Ted walks back out to the lobby but Robin pauses after only a few steps and turns back to him because she's not ready to let go yet either. "Barney?" She motions to him. "Are you coming?"
He smiles softly. She's waiting for him. Maybe she's been waiting for him all this time. Even petrified, he can't pass up an opportunity this golden, this perfect in every possible way. He smirks. "I will be coming, if you give me a hand."
She tilts her head at him, shooting him a look and a smile that reads, Really?
"Or, actually, two hands would be best, cause I got a lot going on down there." He pauses, hitting her with his most charming, devilish look. "Well, you know." It's a direct hit. He can tell she's picturing it now, remembering how she does know intimately. "Let's get out of here," he says, offering one last, "Lame", as they walk out of the building.
****2009****
The next day Barney went to Ted and asked his permission to 'buy the suit'. Within the week they were taking that leap together, and by the following afternoon they were sleeping together repeatedly and consistently, which turned into a relationship all on its own.
The slow love song Barney and Robin are dancing to slowly fades away and they stop to look at each other, both of them caught up in that same memory and how far they've come since then – though Barney did track down that baker; she's making their wedding cake.

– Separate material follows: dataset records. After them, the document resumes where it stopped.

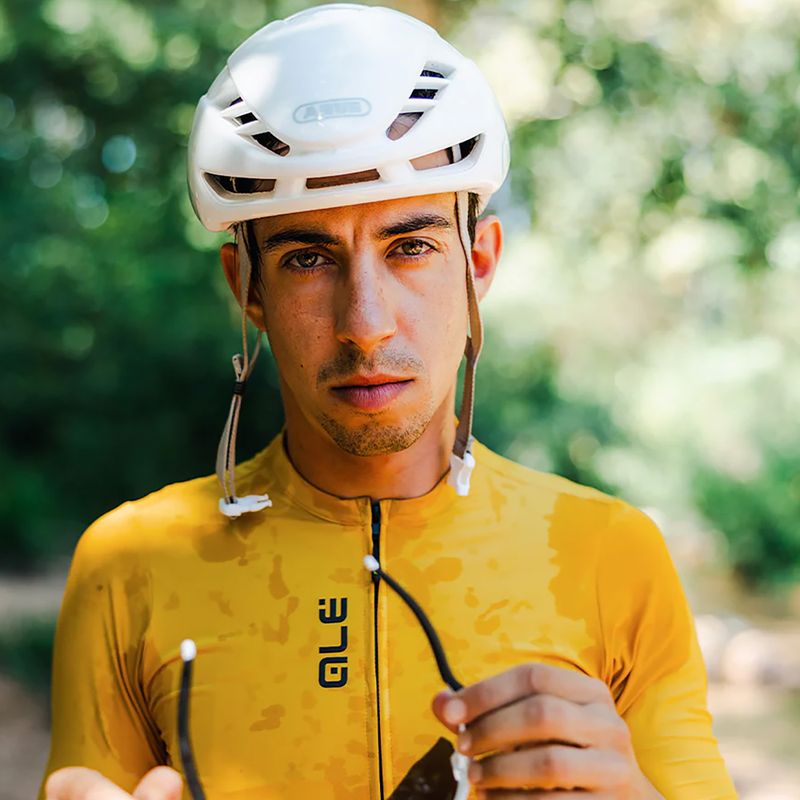 Tricou de ciclism pentru bărbați Alé Color Block Off Road 6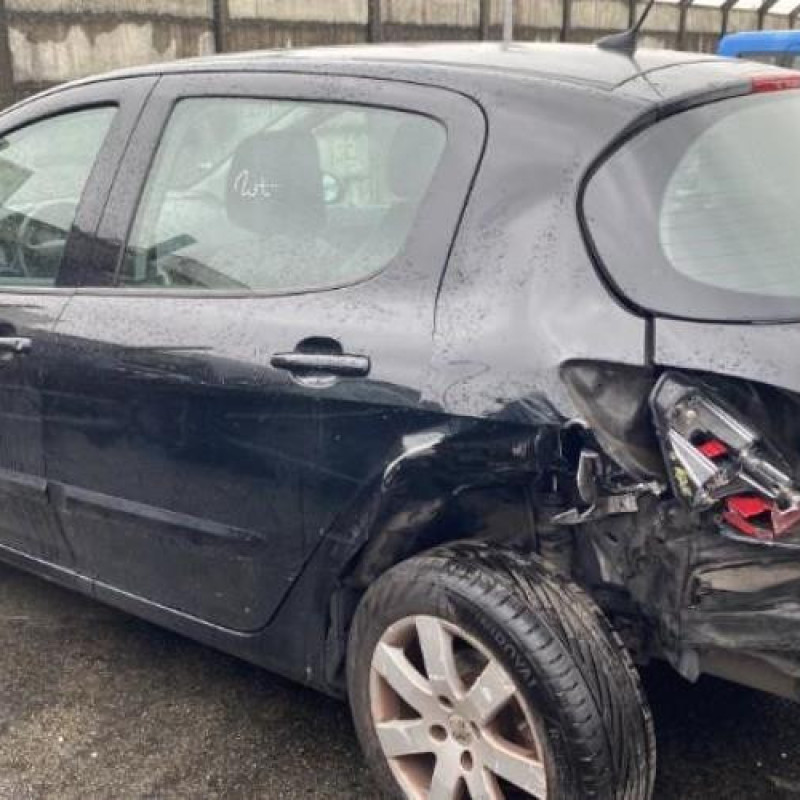 Boite de vitesses PEUGEOT 308 1 Photo n°7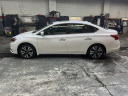 Thumbnail image of 2019 Nissan Sentra at Empire Nissan of Bay Ridge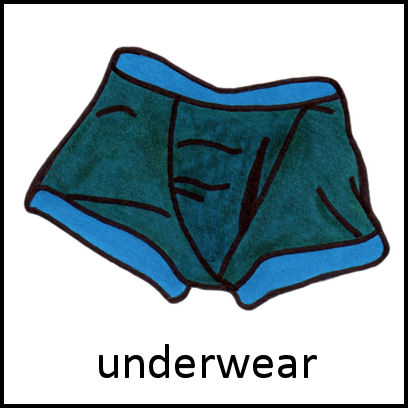 Underwear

Mutually, they lean in to share a tender kiss. "The things that dancing gets us," Robin smiles.
Barney starts to respond but then an upbeat song comes on and the others stop watching them and start goofing off and dancing along too. The dance floor is soon crowded, despite Marshall's raging dancer's hip – and Lily doesn't even try to stop him; she just joins him instead.
The feeling is contagious and Robin and Barney are already bubbling over with happiness as it is. He whirls her into something fast and flirty and fun, like their "Groove Is in the Heart" routine, while Justin Timberlake sings about how everything in life is perfect so long as he's got his suit and tie and his girl by his side, and Robin can't stop grinning. Midway through a twirl she tells him, "You know this song was written for you, right?"
"Then go on and show 'em who you call daddy," Barney winks, singing along.
Robin giggles at that and it's by far the best music to his ears. "Idiot," she laughs as she spins back into his arms.